In God's humility, I find it unnessary to always explain myself or defend myself. Many times I'm tested to see if I will be the bigger person in the situation. I do my best to bridle my tongue and resist opportunities to make myself look better than someone else, out do someone else or compete with someone else. A lesson I learned long ago or perhaps for some special reason only beknown to God, I have always inately been self confident. I clearly believe that there is a difference between self confidence and arrogance. Arrogance is based off a false value of oneself. Self confidence is based off an accurate assesment of true value and mostly on what God has said about you!

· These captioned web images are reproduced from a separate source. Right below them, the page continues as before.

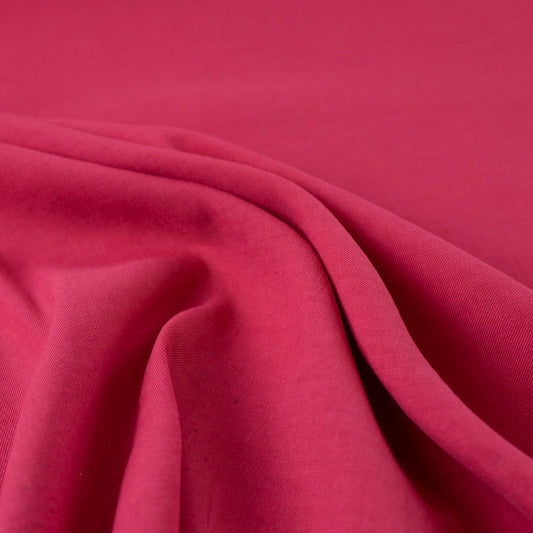 Pachet 12 metri In Roz/Fucsia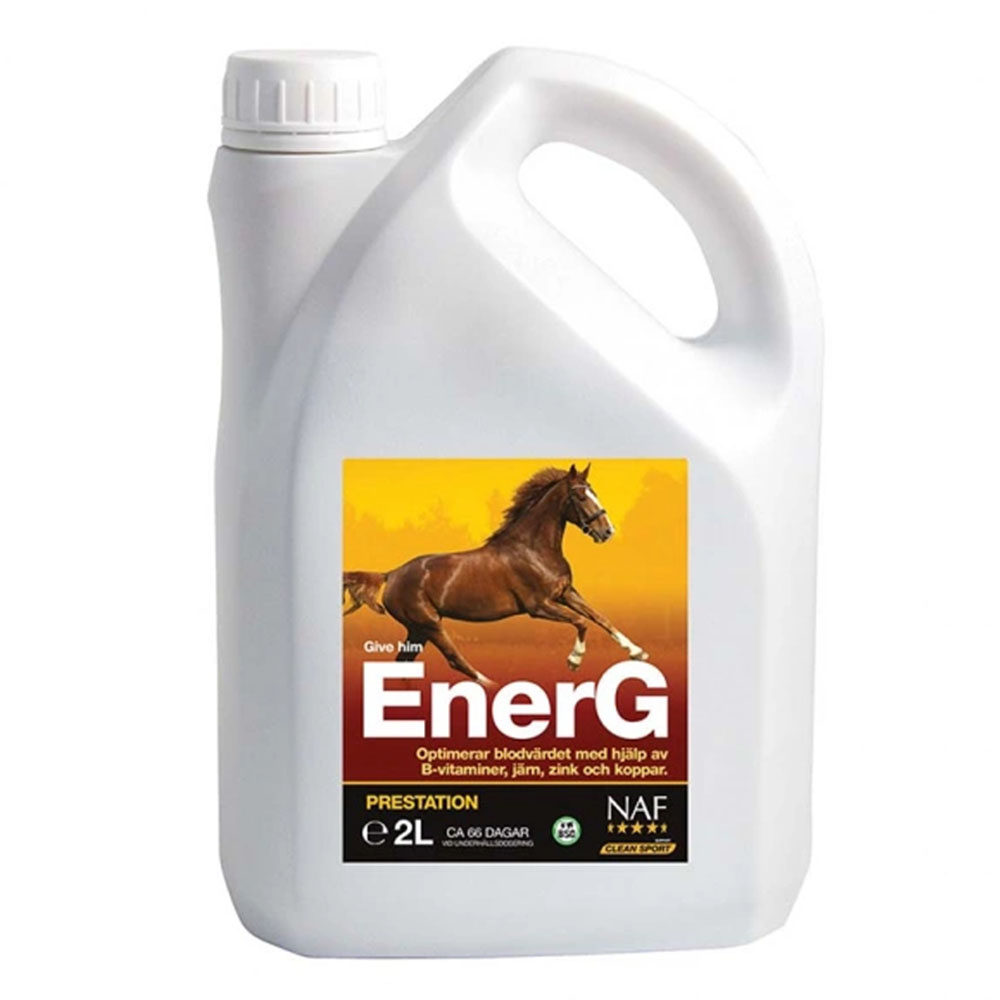 EnerG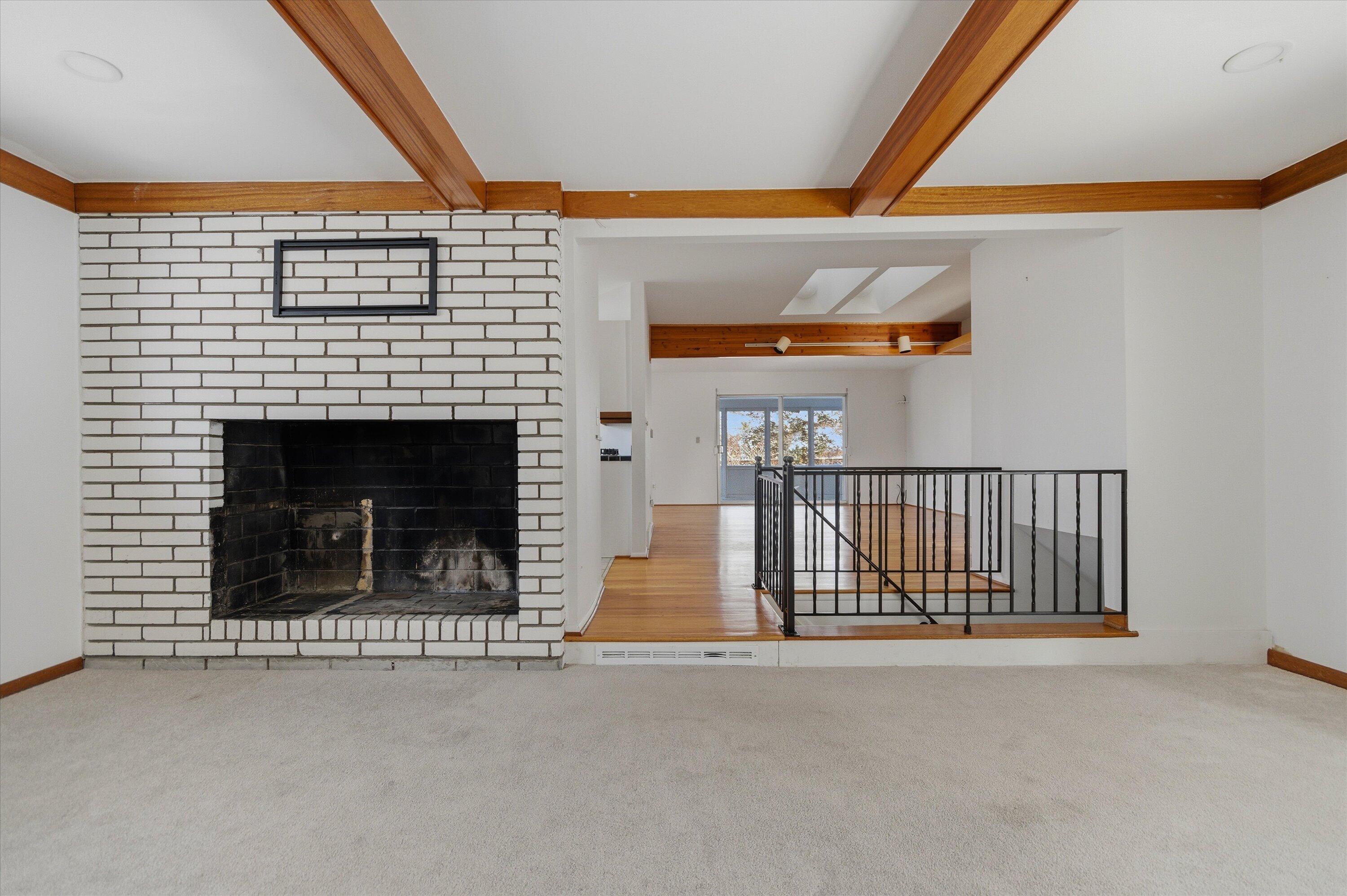 1510 Barnard Road Ann Arbor, MI 48103 - Photo 23 of 53 35-21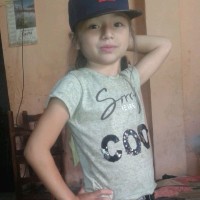 Misalaranoah Casco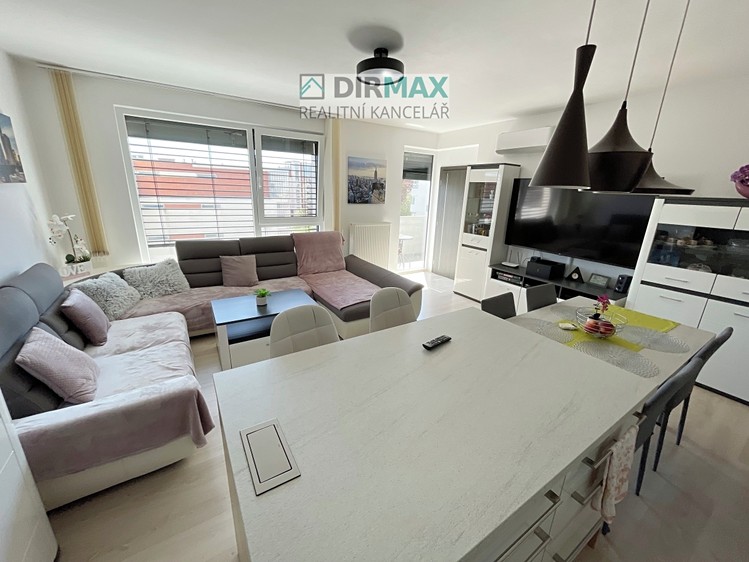 Prodej bytu 4+kk 111 m² - foto 4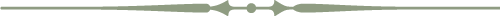 MS_Logo_Line_WEB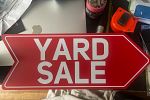 Sale Photo Thumbnail #1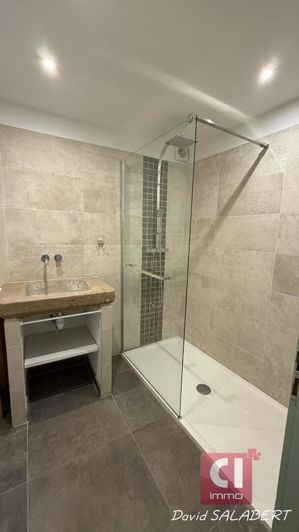 Image No.13-Maison de 6 chambres à vendre à Garéoult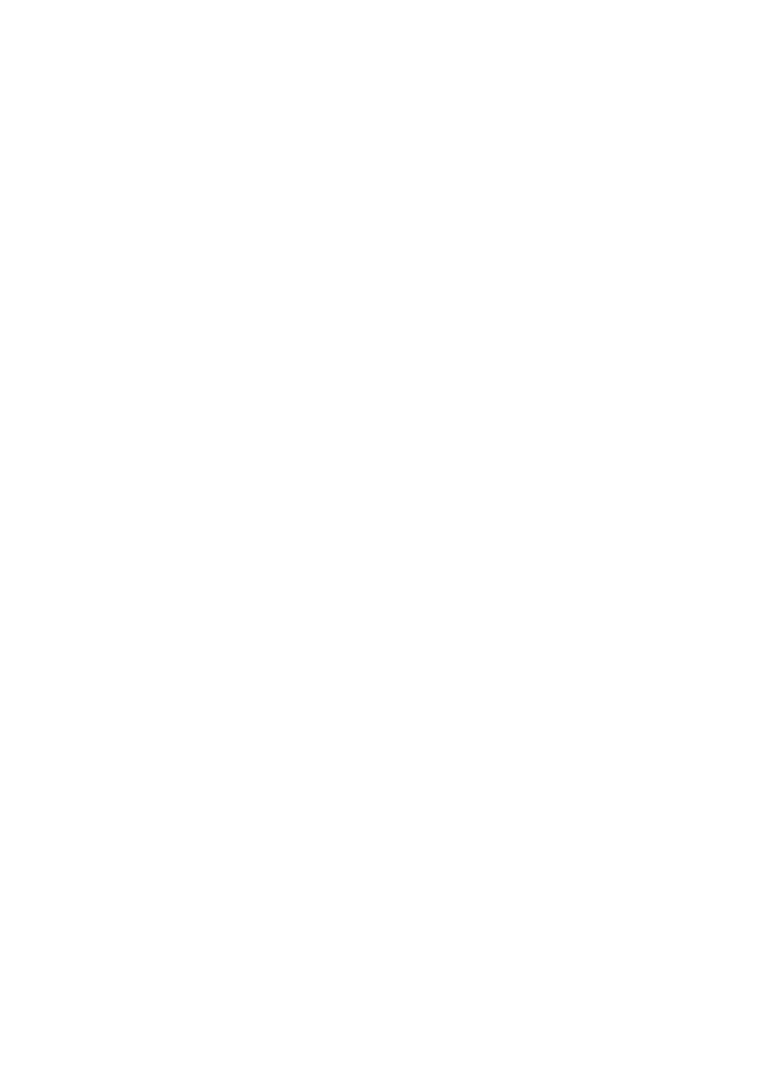 Andy B&#39;s Tiki Bar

I constantly strive to be a better me, learn from mistakes and do things differently. When getting to know people, I've learned that what glitters is not always gold. I don't always reach for what is in front me too quickly! I watch, observe, take mental notes, and listen. If I'm interested in something or someone I may ask lots of questions. If I don't ask questions this means I'm not trying to understand. Certainly, I have learned to rid my life of people I can not trust. So when something starts to smell anything like "untrustworthy" you can best be sure it's going to end up in the waste basket. In all of this, it's caused me to be straight forward...getting straight to the point. I will not hesitate to make my expectations known and tell you exactly what I want, so there is no question about my motives and that's in anything. I do my best to hear from God about who and what is suppose to be in my life so I'm not overly dissappointed when people choose to not deal with me. In my circle of accountability, I allow myself and actions to be under scrutiny.

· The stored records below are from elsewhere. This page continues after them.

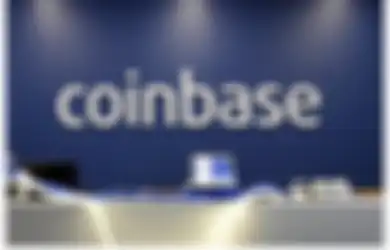 Cara Menggunakan Coinbase, Platform Mata Uang Kripto yang IPO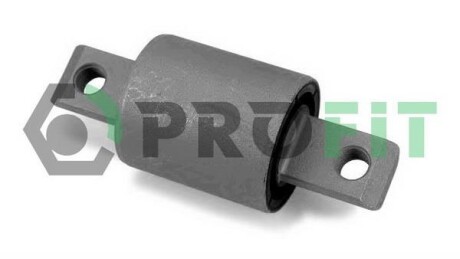 Опора, важіль підвіски - PROFIT 2307-0347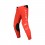 Pantalón Leatt Brace 5.5 I.K.S Rojo |LB5022020200|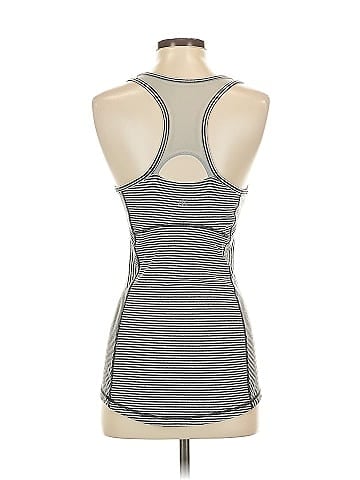 Kyodan Tank Top (view 2)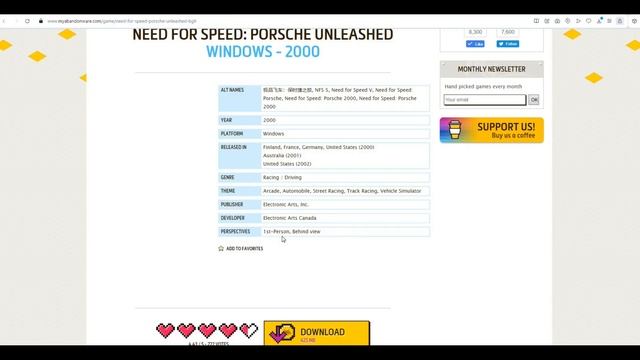 Что то интересное! от Chmaroboy. смотреть онлайн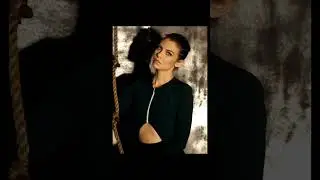 Lauren Cohan #laurencohan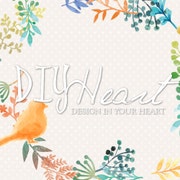 DesignInYourHeart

This one thing gets me though. I always want to know why a person has chosen to reject me in whatever way they have. Now I know most of you will say, how could I ever be rejected. This happens to me more often than you think. I'm pretty much persuaded that it's not me with the issue but rather with those doing the rejecting and it is most likely for my good but I still can't help but wonder what "their" reasons were. The key to rejection is to try not to take it too personal. Yet and still...What are they thinking? Do you ever wonder that? Of course, I'm not perfect, none of us are and there are things that I am still personally working on to increase my value. I'm open to correction. I can take the truth as well as I can dish it out. It may hurt at the time but if it's the truth...I want to hear it. But most people do not want to hear the truth. The truth can make you free and if you apply it your value will increase.

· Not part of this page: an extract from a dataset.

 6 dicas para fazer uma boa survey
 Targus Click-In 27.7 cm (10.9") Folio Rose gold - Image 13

Unfortunately, I think the reason why people won't be honest to tell you what they were thinking is because it exposes their own personal weakness. You know what, you don't have to share your weakness with me but my question is this, "Is there anyone in your life that you can and do share your weaknesses with?" So that you can have the right perspective and perhaps overcome your weaknesses. Are you willing to be vulnerable? Are you capable of trusting? Have you ever shared any of your weaknesses? Are you trying to protect your image? Cause for sure the answers to these questions will either enhance or obliterate any change of you having real intimacy!